Posted on July 15, 2012
Filed Under Theological | Comments Off on Regrets

Sippican shared a video wherein passers by were asked their single greatest regret in life. Some of the answers seem honest; others, filtered to a level of banality appropriate for strangers. Several claim no regrets. To have no regrets is to have no memory or else no imagination.

I have closets full of regret, all shapes and sizes. Cluttered, overstuffed closets, and sometimes a regret falls out unexpectedly and I have to deal with a bit. Chuck it in and hold the door closed, maybe. I have no idea which regret is the biggest and can’t imagine hauling them all out and lining them up by size.

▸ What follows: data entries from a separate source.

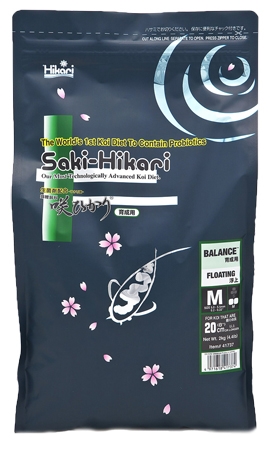 SAKI-HIKARI Krmivo Balance Floating M, 2 kg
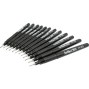 Marcador Fino Preto 0,4mm ARTLINE 200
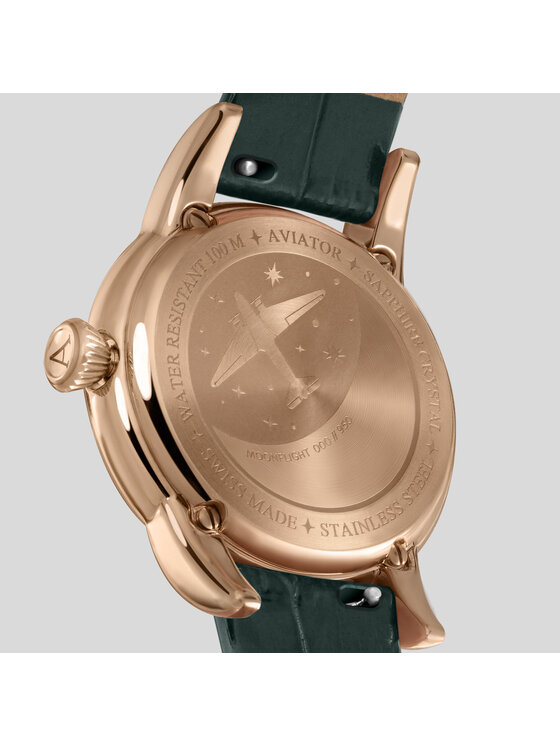 Aviator Aviator Orologio V.1.33.2.263.4 Verde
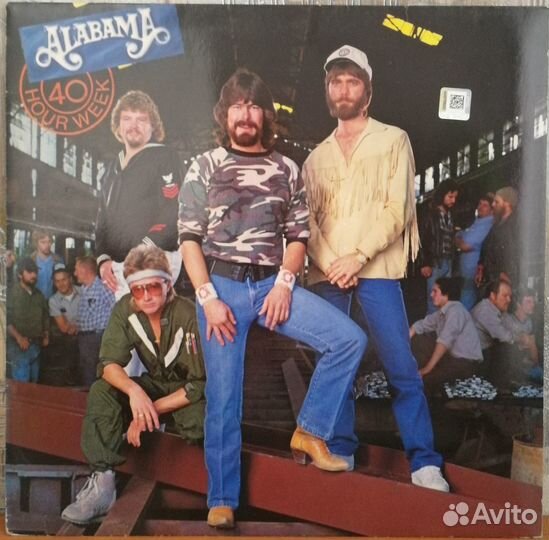 Пластинки Alabama, BZN, The Cats, The Manhattan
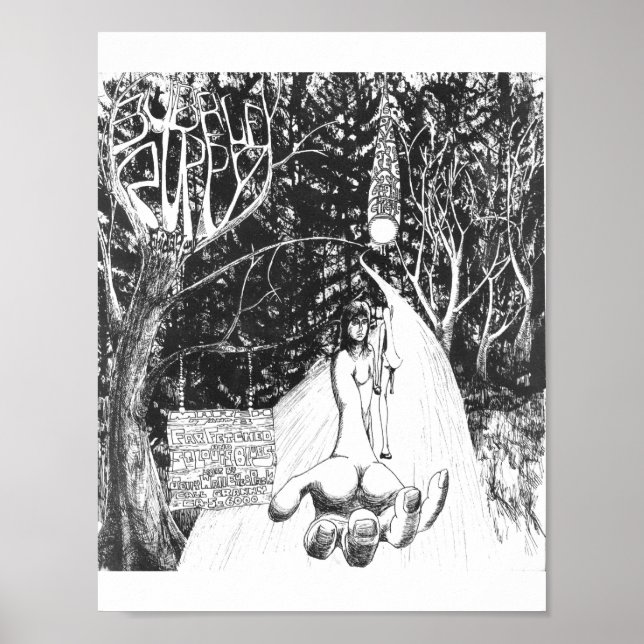 Poster LoveStreetLightCircusflyer Mar7&8'69 (Frente)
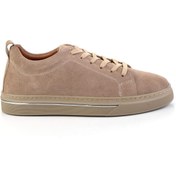 Resim Bambi Vizon Hakiki Deri Erkek Sneaker E01082010202 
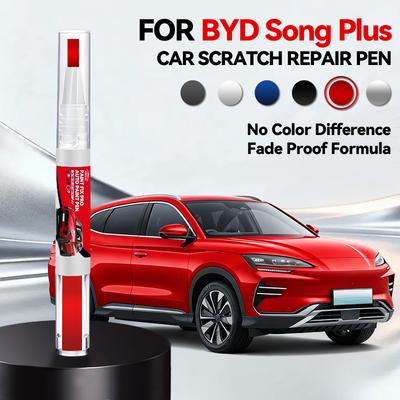 For BYD SONG PLUS Touch Up Paint Wheel Repair Kit Quick And Easy Wheel Scratch Repair Rim Paint For Car Wheel Repair Silver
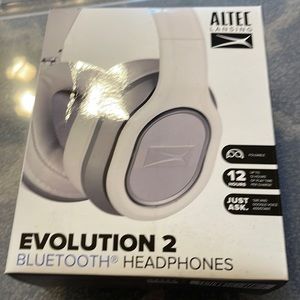 Brand new Bluetooth headphones in box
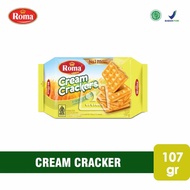 Roma Malkist Cream Crackers / Biskuit / Krekers (107 gr)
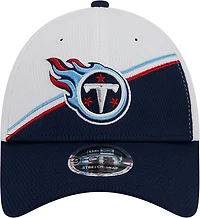 New Era Men's Tennessee Titans 2023 Sideline Stretch Snapback 9FORTY Cap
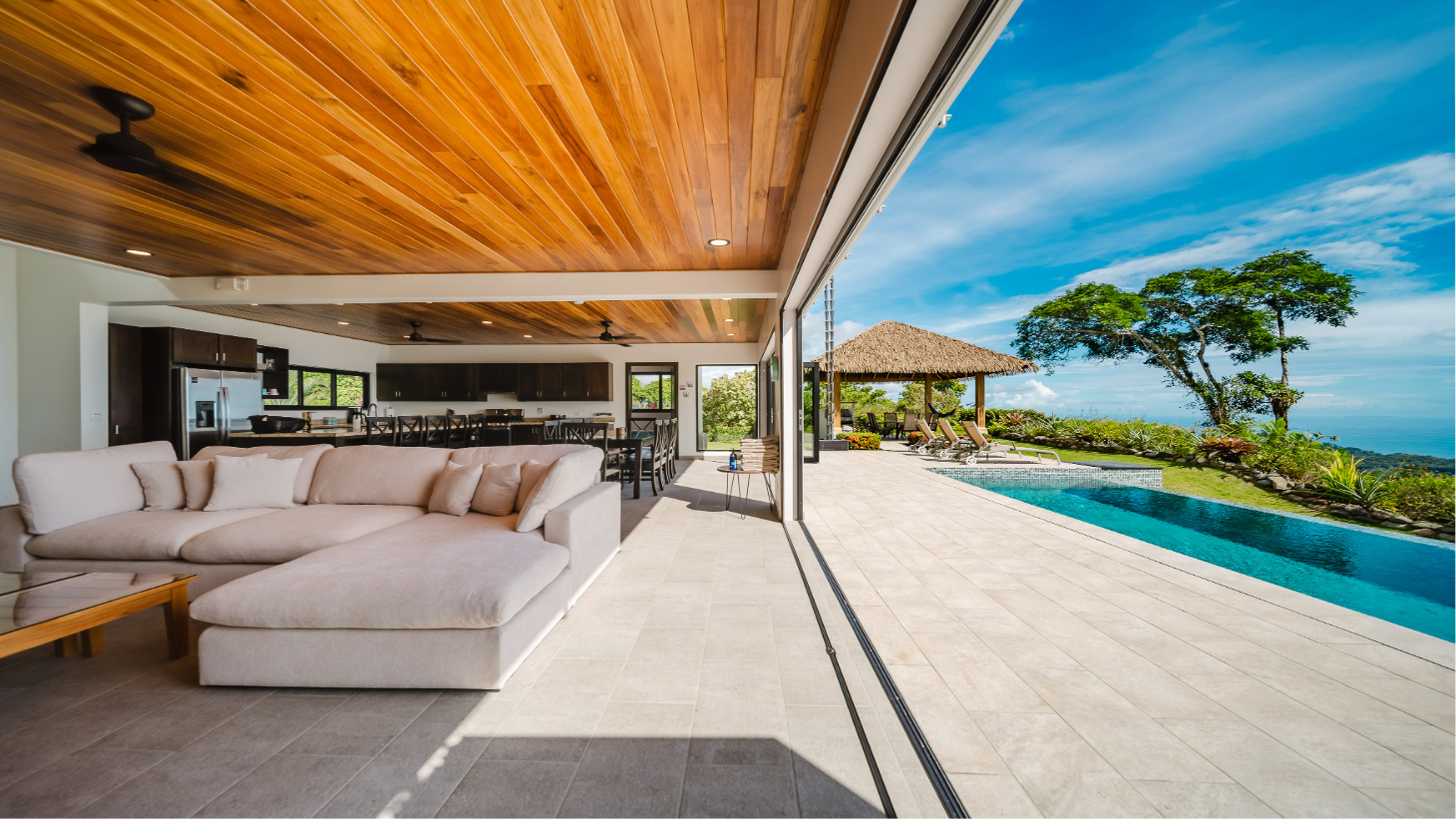Luxury 5 Bedroom Ocean View Estate I Elevated Living Above Dominical selected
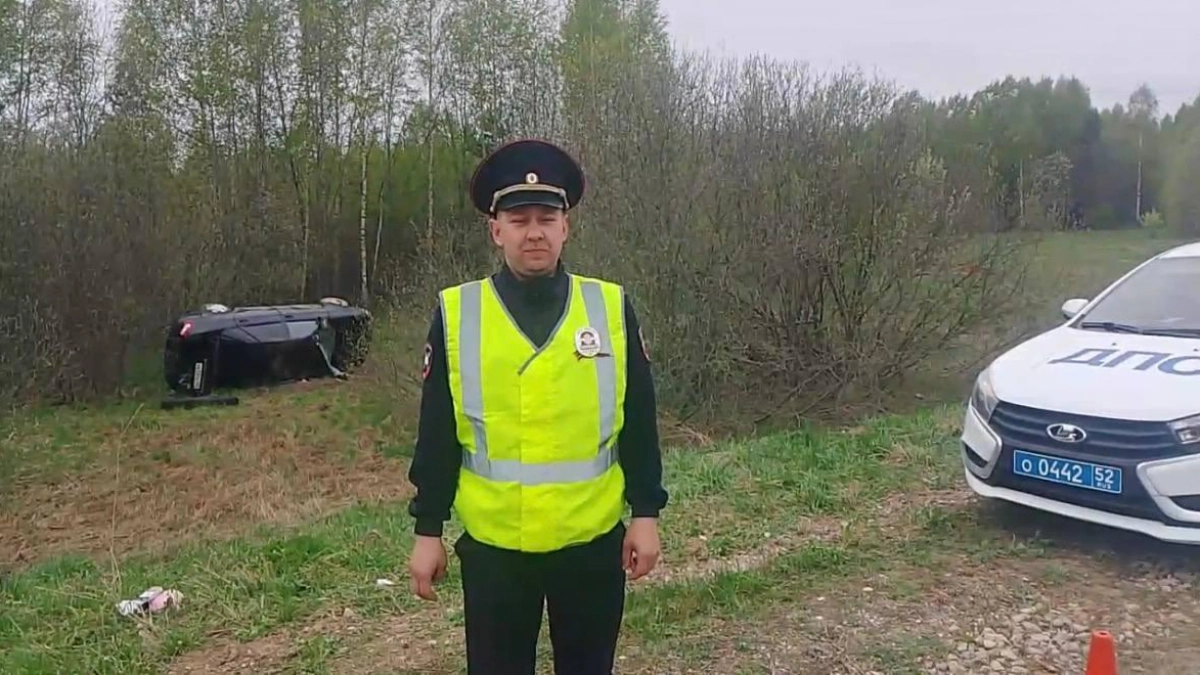 21-летний водитель «Лады» погиб после вылета в кювет на трассе Киров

It’s an interesting question, though. Good for pondering. Instinctively I shift from “what is my biggest great” to “what is the greatest possible regret.” After all, I could always surpass today’s milestone, couldn’t I? But my imagination always wins. I cannot imagine regretting something so much that it was literally impossible to regret anything further.

This all seems very morose, perhaps, and a poor way of thinking. There’s lots of “to thine own self be true” regret-avoidance advice floating around out there. Most of it comes blowing off the colored tatters people have papered all over themselves, intent on becoming lost in the confusion of flying colors so that they will never see the hollow outline of their lives.

I do not know what my greatest regret is. But I know my greatest hope: all the dark matter in my universe is the unlit side of a moon turning toward the sun.

And why not?

Posted on July 8, 2012
Filed Under Theological | 1 Comment

A couple of months ago I ran into a friend from college. We hadn’t kept in touch since then, but I was happy to see him.

“Why aren’t you married yet?” he asked me.

The occasion of our meeting was a play, and intermission was nearly over, and a couldn’t summon up any kind of answer in the time I had. I think I fairly gaped at him. You will have to deal with my reply. His question inspires in me a strong reaction, which may be best expressed: “That’s just stupid!”

Perhaps, more accurately, “That’s just STUPID!!!”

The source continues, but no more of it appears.